島津製作所は2017年10月19日、樹脂基材に金属膜を形成する樹脂めっき工程で、前処理や下地層形成を真空下にて行える環境負荷を抑えた新技術を開発したと発表した。
軽量化やコスト削減などを目的に、さまざまな工業製品が、金属からめっき処理された樹脂に置き換わりつつある。しかし、従来の樹脂めっきは、前処理から下地層の形成までの工程で、環境負荷の原因となる六価クロムや高価な金属触媒を使用。有害な化学物質を極力使用しない技術が求められていた。

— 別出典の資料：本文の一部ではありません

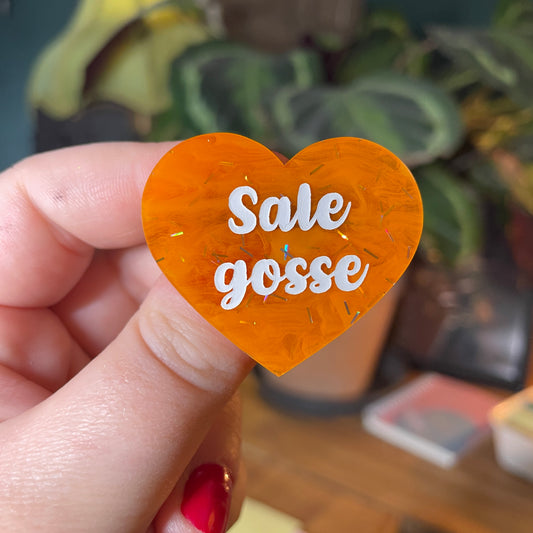 Broche "Sale gosse" en acrylique japonaise semi transparente marbrée orange à paillettes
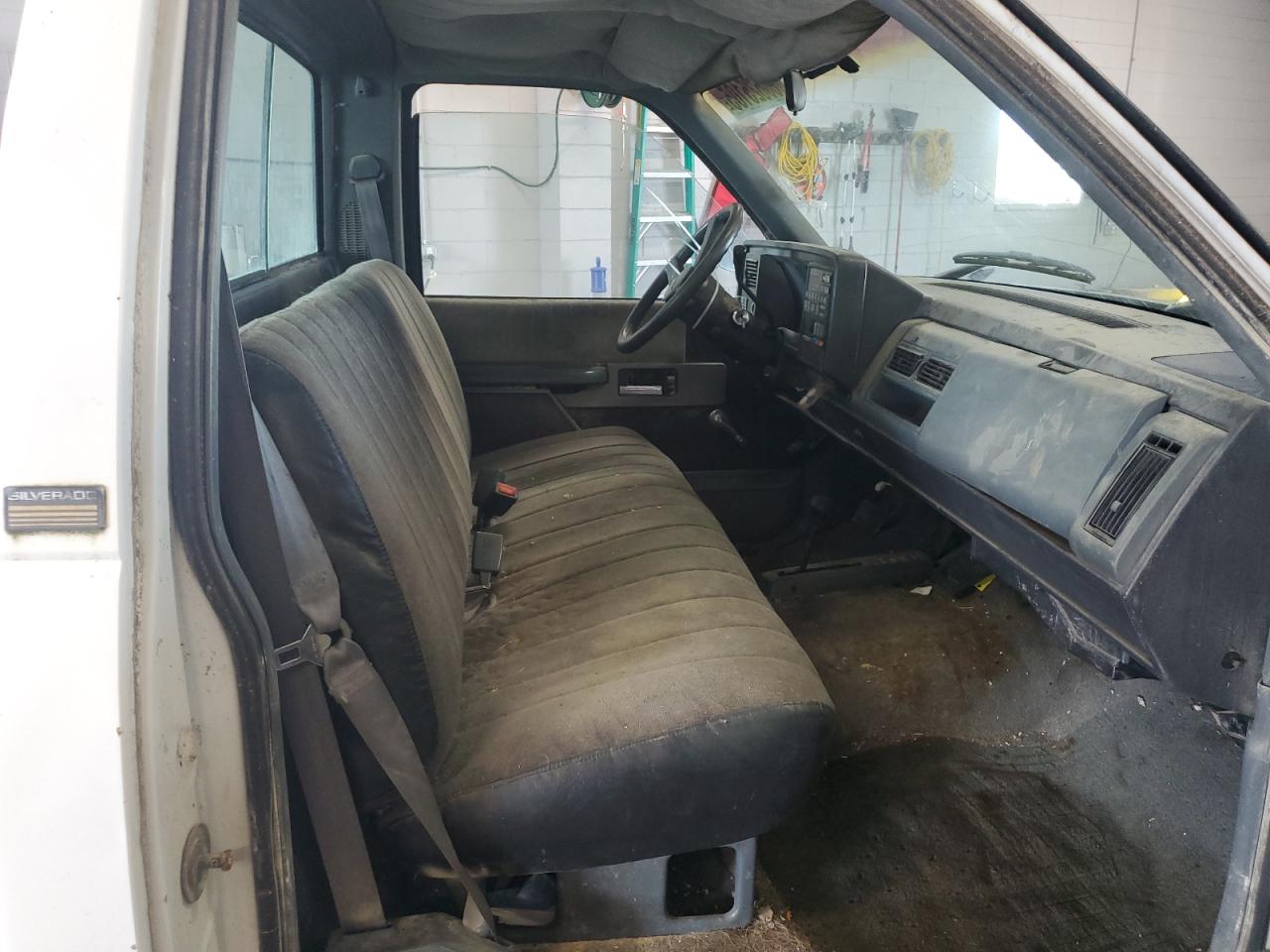 1990 Chevrolet Gmt-400 K2500 VIN: 1GCGK24K5LE142755 Lot: 80625105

そこで同社は、立体プラスチック製品へ金属膜を成膜する高速スパッタリング装置を応用。高速スパッタリング装置の真空チャンバー内で、プラズマによる前処理後にスパッタリングによる下地層の形成を行う技術を開発した。この工程では、六価クロムや金属触媒を必要とせず、廃液も発生しない。そのため、環境負荷の低減だけでなく、ランニングコストも削減できる。また、多くの代替手段で課題となっていた下地層の密着性についても、従来手法と同等の密着性を確認している。さらに、射出成形機と高速スパッタリング装置の連携により、樹脂成形から下地層の形成までを自動化することも可能で、防湿や防汚による歩留まりも改善できる。
今後は、同技術を自動車内外装部品メーカーや家電メーカーに提案し、2020年までに本格展開するとしている。また、さらなる応用により、めっき処理が難しいとされる炭素繊維強化プラスチックなどへの金属膜成膜技術の開発も進めるとしている。